Municipal engineers are looking to transform the waste in the landfill and the sewage treatment plant into green energy for the legacy village.
While that may sound dirty, it could be one of the cleanest, and most sustainable, ways to heat the Olympic village, which will become employee housing units after the 2010 Games.
"We’ve done buildings with alternative energy systems before but when we’re doing a whole neighbourhood like this, it allows us, through the economies of scale, to go to a whole different level of engineering opportunities," said Brian Barnett, general manager of engineering and public works at the resort municipality.

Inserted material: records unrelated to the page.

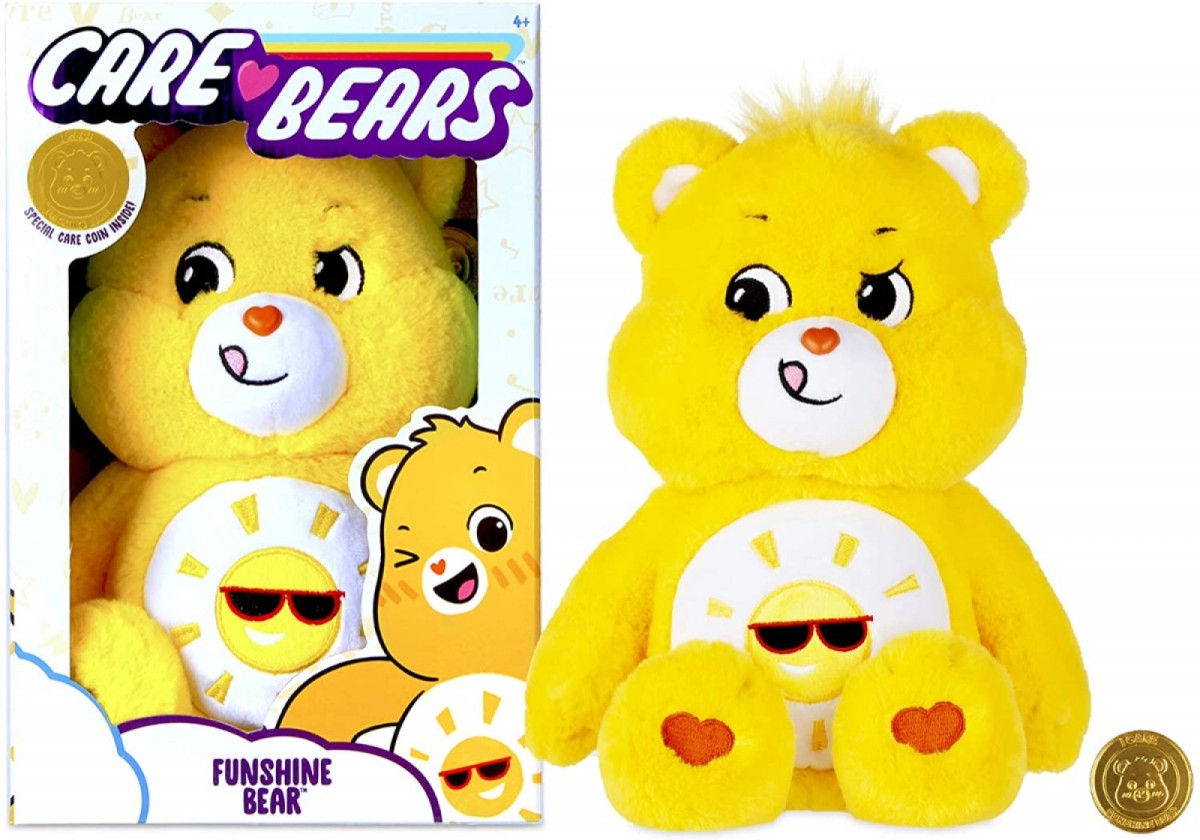 Care Bears Funshine Bear Medium Size Plush - Bright Star Toys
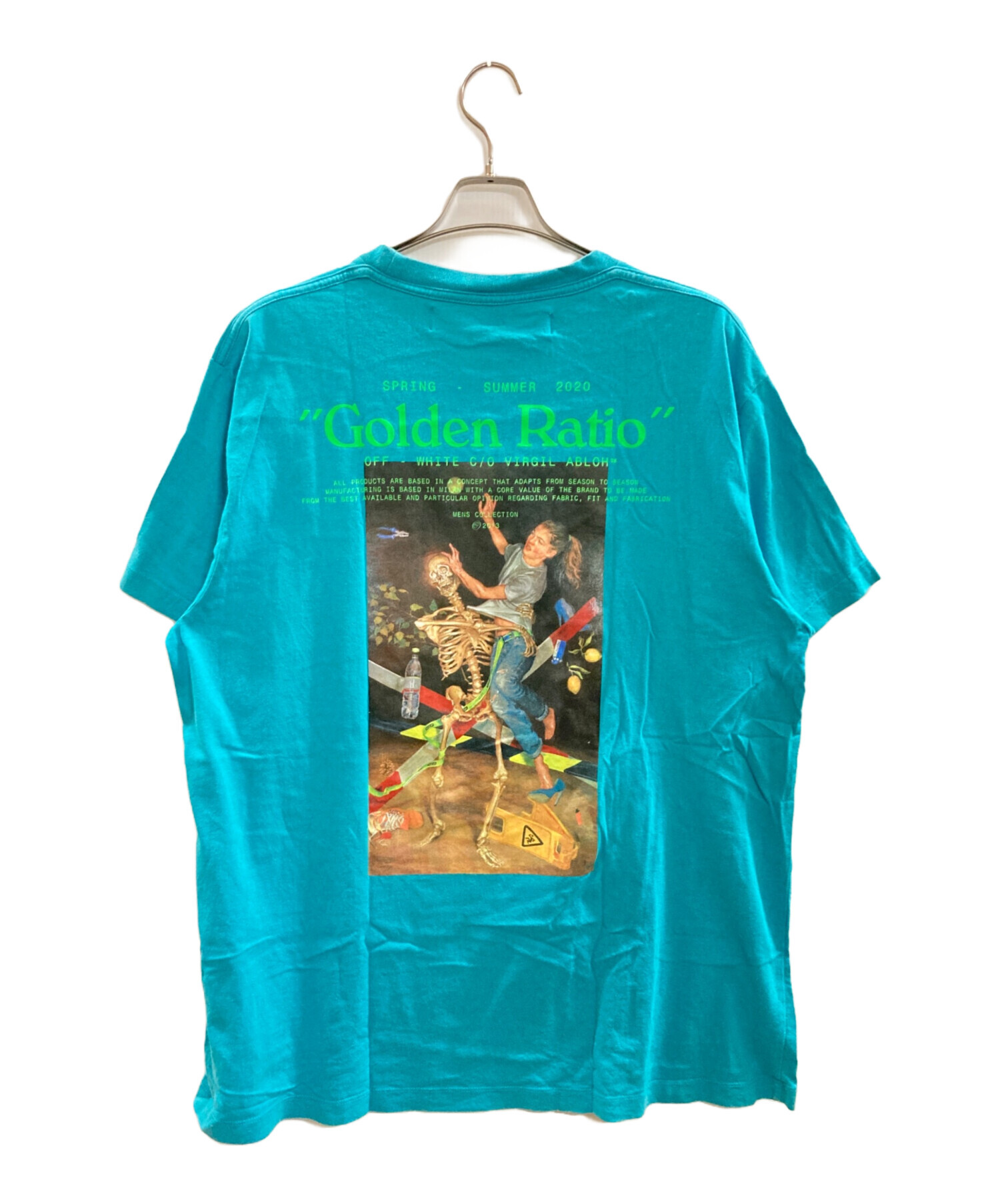 中古・古着通販】OFFWHITE (オフホワイト) pascal painting over tee 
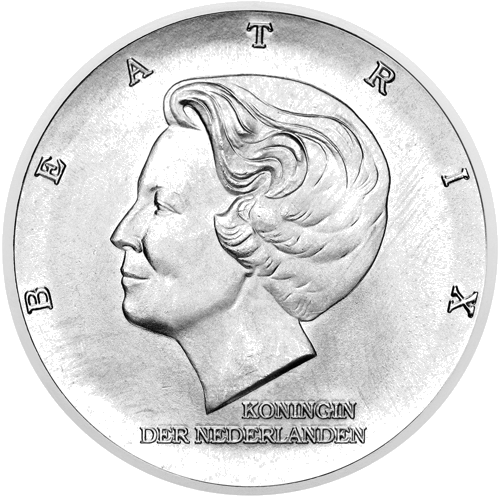 10 guldeņu Beatrise Māršala plāna jubileja 1997 Nīderlande sudraba monēta (2)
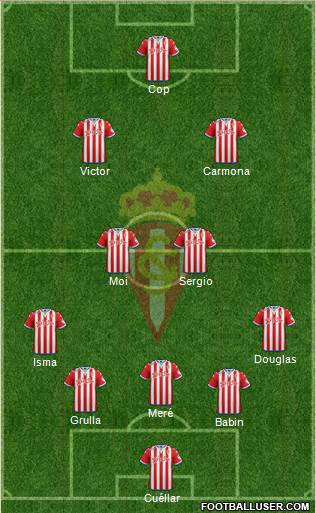 Real Sporting S.A.D. Formation 2016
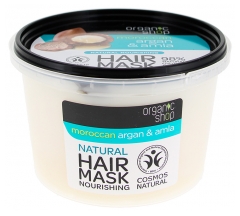Organic Shop Naturlig N&auml;rande H&aring;rinpackning Argan och Amla 250 ml
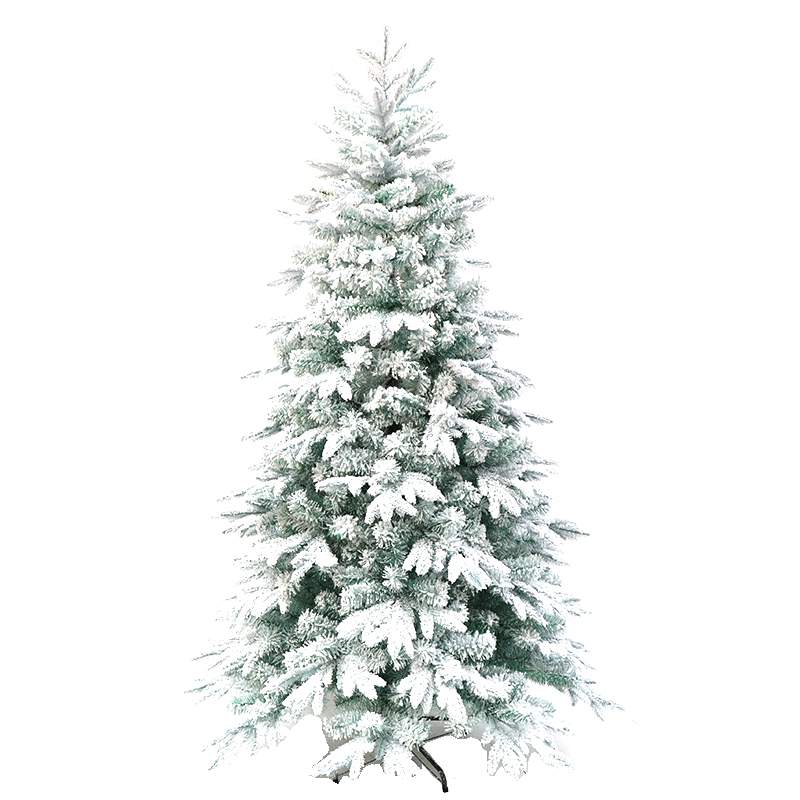 圣诞雪景树雪场景拍摄装饰树圣诞树冰雕馆装饰雪树植绒雪景圣诞i.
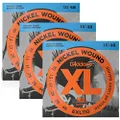 D'Addario 3 Sets - EXL110 Nickel Wound Electric Guitar Strings, Light Gauge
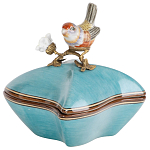 Фарфоровая шкатулка с птицей Eden Garden Blue варинант исполнения - 1 | Loft Concept в Кирове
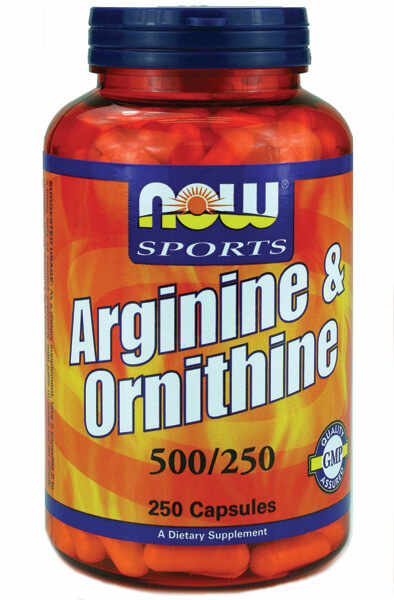 Now Arginine Ornithine 100 vcaps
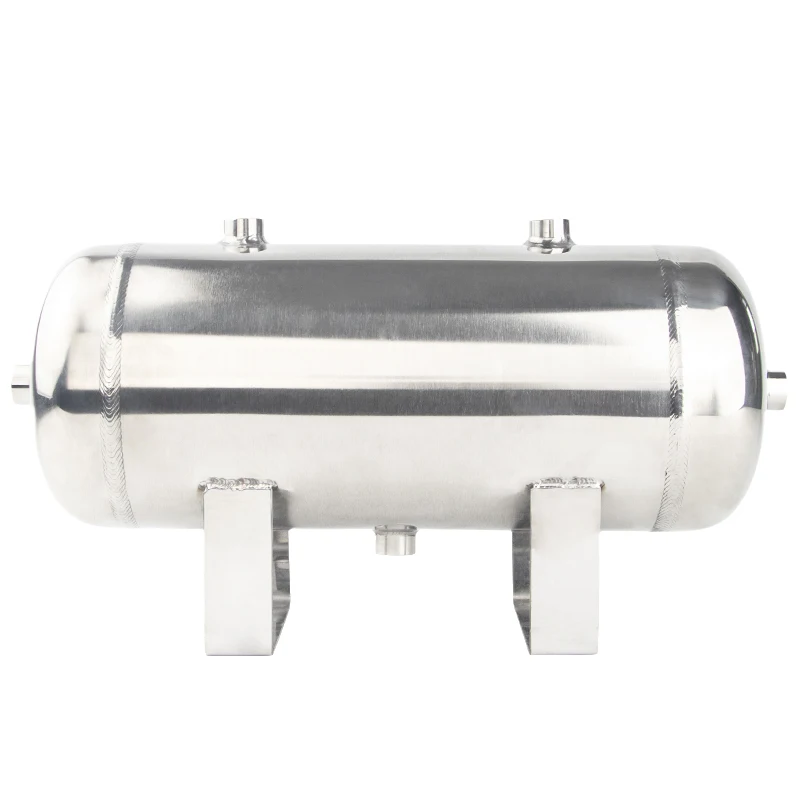 Small stainless steel gas storage tank 304 vacuum gas tank inflation pump bottle 0.1L~100L high-pressure vacuum buffer tank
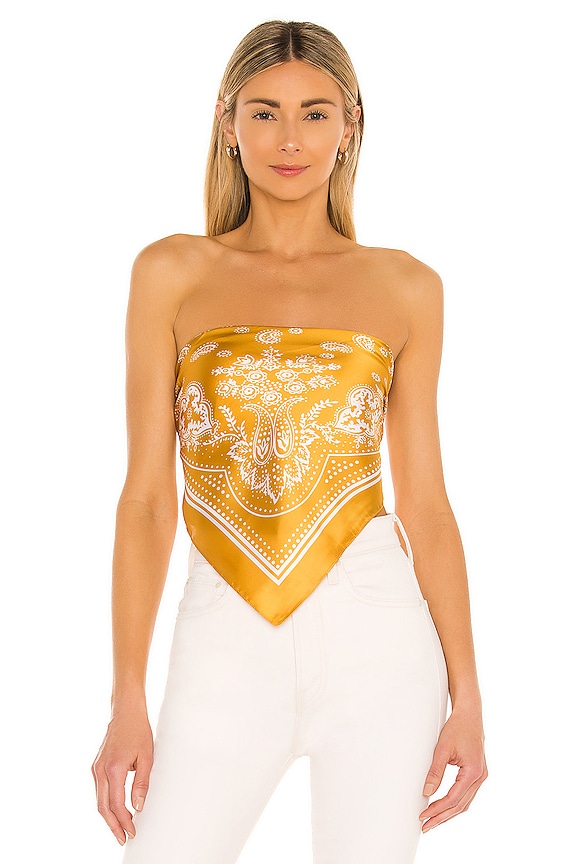 view 1 of 4 Yolanda Yellow Scarf in Yellow & White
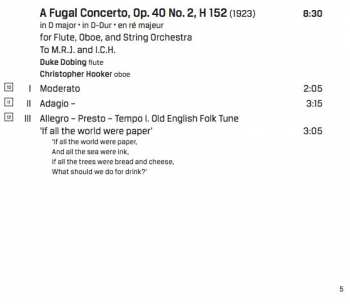 CD Gustav Holst: Orchestral Works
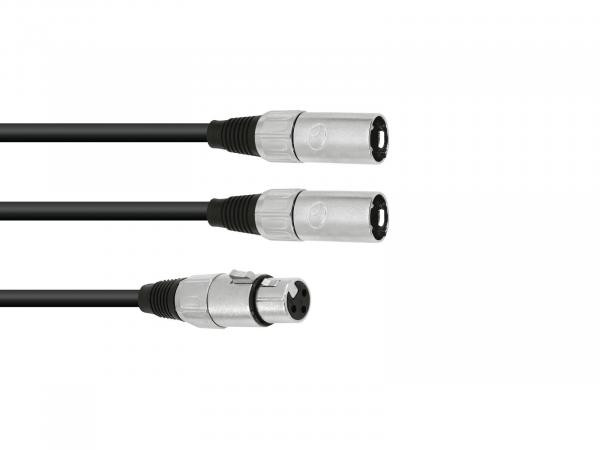 Omnitronic Audiokabel XLR naar XLR, 1 meter, zwart (30225204)
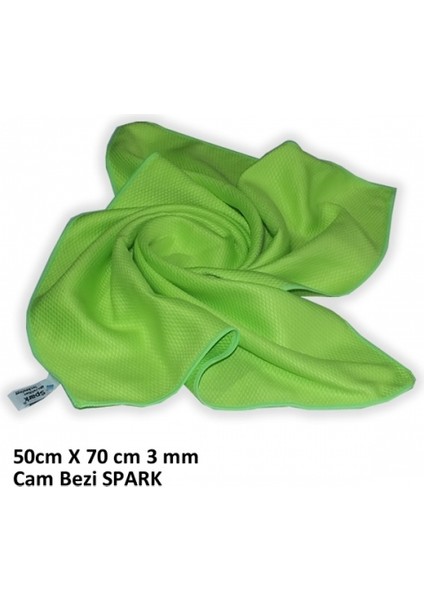 3'lü Spark Mikrofiber Oto Kurulama ve Cam Bezi  Büyük Boy 50*70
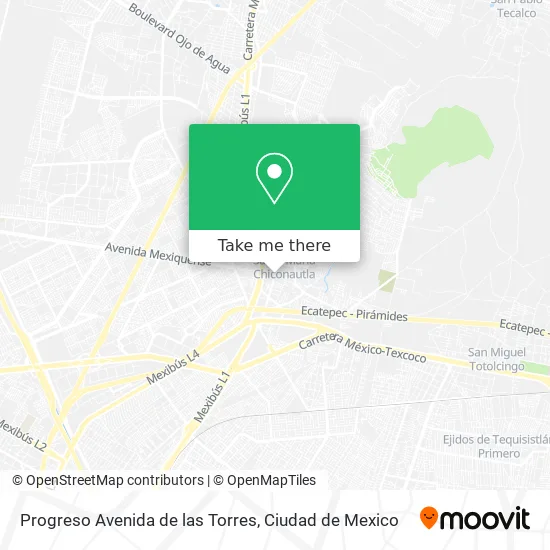 Progreso Avenida de las Torres map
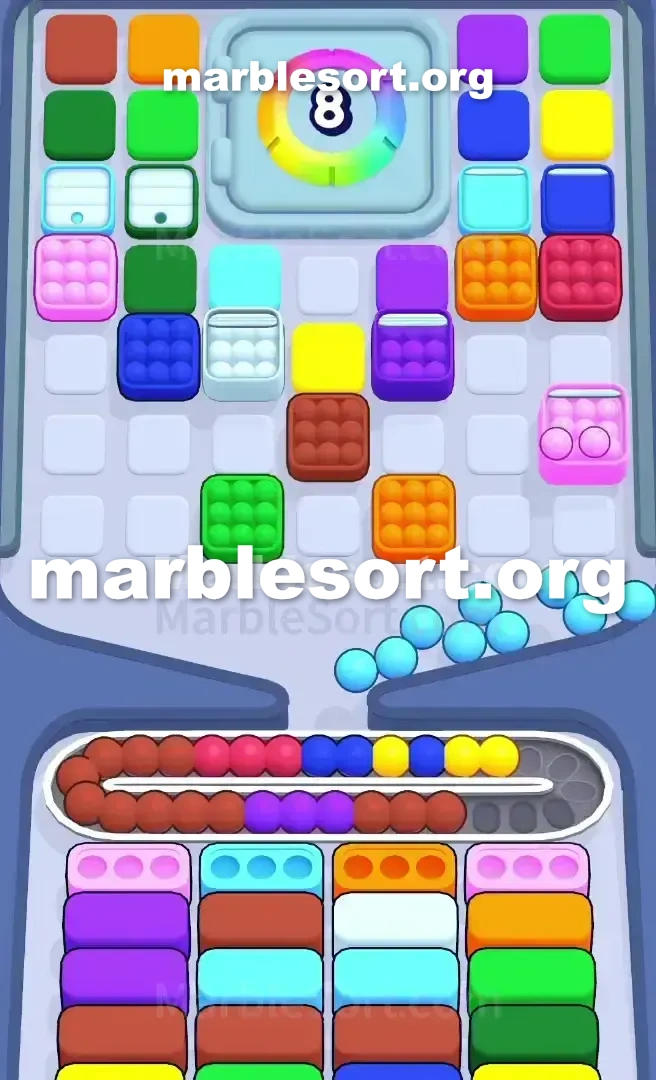Marble Sort Level 469 screenshot 2
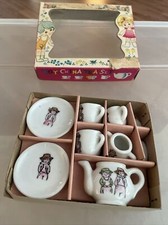 Vintage Sunbonnet Babies Tea Set Japan Toy China Set In Original Box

With a carte blanche to build a brand new neighbourhood from scratch, engineers are investigating the possibilities of taking the warmth from the resort’s effluent and the methane gas from the now decommissioned landfill and transforming it into heat for the new village.
All Whistler has to do is capture it.
"Council’s excited about this," said Mayor Ken Melamed. "It’s consistent with our sustainability commitment to green building energy conservation."
If it moves ahead the athletes’ village could be a model sustainable community for the world to see in 2010.
The foundation of this potential green energy system would lie in the ground underneath, in the form of a district energy system. That system is a series of pipes, which carries warm water to the buildings, which in turn heats the homes.
"To make it really exciting is you use a green energy source to heat the (district energy) loop so that’s when it becomes a bit of magic," said Barnett.
In this case, the source is the warm effluent from the nearby sewage treatment plant.
The effluent would go through a heat exchanger and the thermal energy in the sewage would be transferred to water or another fluid and pumped through the district energy system.
To Barnett that is the very essence of a sustainable system, using waste heat from the sewage system to heat homes.
"It’s full circle – that’s a sustainable system right there," he said.
And that’s music to the ears of Ian Bruce, climate change specialist with the David Suzuki Foundation, because it means the village won’t be contributing to climate change by burning more fossil fuels.
"That’s a fantastic use of changing the way we use energy and this is groundbreaking in the sense that we’re displacing the need to burn, for example, fossil fuels such as natural gas and so it has numerous long term benefits for the environment and economically," he said.